CANDIDATES COME TO HOLLYWOOD 

Democratic candidates and President Trump have made trips to Los Angeles this week. As Super Tuesday approaches, Californians have more say. John Horn takes the pulse on who in Hollywood is backing which candidate for the White House. He talks with Ted Johnson from Deadline.

PRESERVING VINYL

Last year it was revealed that a 2008 fire on the Universal Studios lot destroyed thousands of music recordings. Original masters by Elton John, Billie Holiday, Judy Garland — gone forever. Fortunately, there are record labels devoted to preserving, remastering and releasing old recordings. The Frame contributor Tim Greiving visited one of them to find out how it’s done, and just what is lost when a tape goes up in flames.

THE STORY OF "McMILLIONS"

The chances of winning any kind of million-dollar prize is pretty minuscule, but it's something different when the game is rigged from the start. And when a mobster and former police officer are at the center of the con, that's something stranger than fiction. If you ever played the McDonald's Monopoly game in the '90s in the hopes of winning a cool million, you might be surprised to know there were almost no legitimate winners of the advertised "high value" prizes from 1989 to 2001. The new HBO docu-series, "McMillions," examines how the con was pulled off without the McDonald's Corporation's knowledge, how the FBI ultimately uncovered it, and the unexpected collateral damage.

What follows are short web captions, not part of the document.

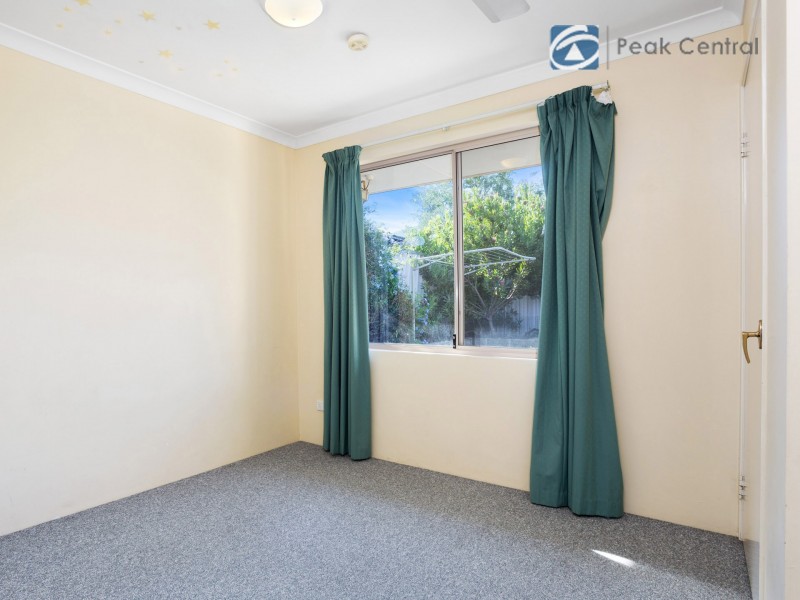 Lot 113 Dreier Court, Atwell WA 6164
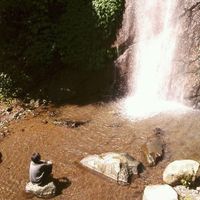 Le foto di Ilham Mubarok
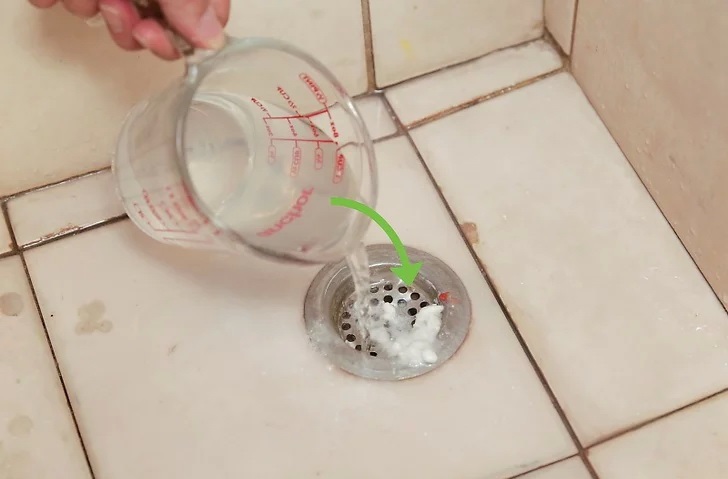 cefc93c1b0011d8e52d7.jpg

John Horn spoke with James Lee Hernandez and Brian Lazarte, the co-writers and co-directors of the series.

DANCE MUSIC WITH A MESSAGE

The LA post-punk band French Vanilla makes dance music with a message. With songs titles like “Bromosapian,” it’s clear the band has a sharp sense of humor. But the underlying themes of queer identity and gender bias couldn’t feel more urgent. The Frame contributor Allison Wolfe spoke with bandmates Sally Spitz, Daniel Trautfield and Ali Day about their most recent album, "How Am I Not Myself?"